Ramírez joined Paul Goldschmidt, who pulled off the feat for Arizona against Milwaukee in 2015, according to Sportradar. Ramirez is also the first to have three intentional walks in a game since San Diego's Jake Cronenworth did it nearly three years ago, according to Sportradar.
"That tells you what I think about Ramírez," Tigers manager A.J. Hinch said.
Steven Kwan, who is No. 1 in the majors with a .363 batting average, led off the 10th with his third hit of the game.
Josh Naylor followed with a tiebreaking single for his fourth RBIs. Brayan Rocchio added a sacrifice fly, scoring Kwan, in the extra inning for the AL Central-leading Guardians, who blew a 6-0 lead early in the game.

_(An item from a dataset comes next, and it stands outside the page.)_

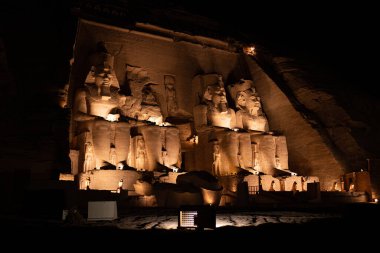 Işık, gece boyunca Mısır 'daki Ramses II tapınağının girişini aydınlattı.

"Kwanny getting the base hit, that's what got the inning going," Vogt said.
Scott Barlow (3-3) gave up a walk in the ninth for the win and Emmanuel Clase closed the game for his 28th save in 31 chances.
Clase gave up Carson Kelly's sacrifice fly, scoring the automatic runner who had advanced on a groundout, and two straight singles before Justyn-Henry Malloy hit a game-ending fly.
"I'm incredibly proud of this group," Hinch said. "We had a hole early, and the hole got bigger, and we kept chipping away."
Will Vest (1-3) took the loss after giving up two runs -- one earned -- on three hits and a walk over 1⅓ innings.
The Guardians generated plenty of offense a day after getting shut out in the series opener, but their pitching pushed the game to an extra inning.
Rookie Angel Martinez and Naylor hit homers in a three-run first. Ramírez had an RBI single with one of his three hits in a three-run third.
Both starting pitchers gave up six runs on seven hits with Cleveland roughing up Kenta Maeda early, and the Tigers getting to Ben Lively late in his outing.
Maeda, who gave up three runs on four hits in his first 14 pitches, lasted just 2⅔ innings to spoil a night in which he joined Yu Darvish and Hideo Nomo as the three major leaguers born in Japan with 1,000 strikeouts.
"Nothing really is going right at this point," said Maeda, who gave up nine runs on nine hits and three walks in his previous start. "I'm causing too much trouble to the team, and I feel sorry about that."
Lively started relatively strong, but gave up Colt Keith's two-run home run in the third and Gio Urshela's three-run homer in the sixth.
Nick Sandlin entered in relief of Lively and gave up a game-tying homer to Malloy, a rookie, who has cleared the fences five times in 28 games.